The Bill is intended to facilitate imminent approval bilateral agreements – in the first instance with Western Australia – based on negotiation around current requirements. The final report specifically warns against this approach noting: 

Consultation with States and Territories is essential. However, the process cannot be one of negotiated agreement to accommodate existing rules or development aspirations. To do so would result in a patchwork of protections or rules set at the lowest bar. 

While new standards are the centrepiece, it is made very clear throughout the report that an interrelated package of assurance, compliance and enforcement, information and engagement reforms are also needed. Logistically, the whole package of proposed architecture is a pre-condition to any accreditation if it is to work in practice. The report states: 

In isolation, National Environmental Standards are insufficient. A broader framework of reform is required to provide confidence that good decisions are being made about Australia’s environment in a way that adheres to the law.

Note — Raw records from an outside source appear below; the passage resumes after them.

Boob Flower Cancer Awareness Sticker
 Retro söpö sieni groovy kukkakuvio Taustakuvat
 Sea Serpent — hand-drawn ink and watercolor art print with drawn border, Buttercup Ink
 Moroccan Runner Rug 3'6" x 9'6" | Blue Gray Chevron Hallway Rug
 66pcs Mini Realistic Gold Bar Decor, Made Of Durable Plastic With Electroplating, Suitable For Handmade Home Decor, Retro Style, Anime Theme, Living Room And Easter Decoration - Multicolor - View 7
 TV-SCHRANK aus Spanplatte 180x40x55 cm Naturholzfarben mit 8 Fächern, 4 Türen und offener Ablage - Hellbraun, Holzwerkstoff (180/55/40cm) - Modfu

Reform is also required to understand if Australia is on track to deliver the intended environmental outcomes, or what adjustments might be needed.  

Settling only for the full suite of Standards recommended by the Review, rather than pursuing the fundamental reform of the EPBC Act that is needed and the investment in restoration that is required, means accepting the continued decline of our iconic places and the extinction of our most threatened plants, animals and ecosystems. 

The final report certainly does not give the green light for the approach taken in the Bill before parliament that facilitates the handover of environmental powers to states and territories in the complete absence of legally enforceable standards and assurance.  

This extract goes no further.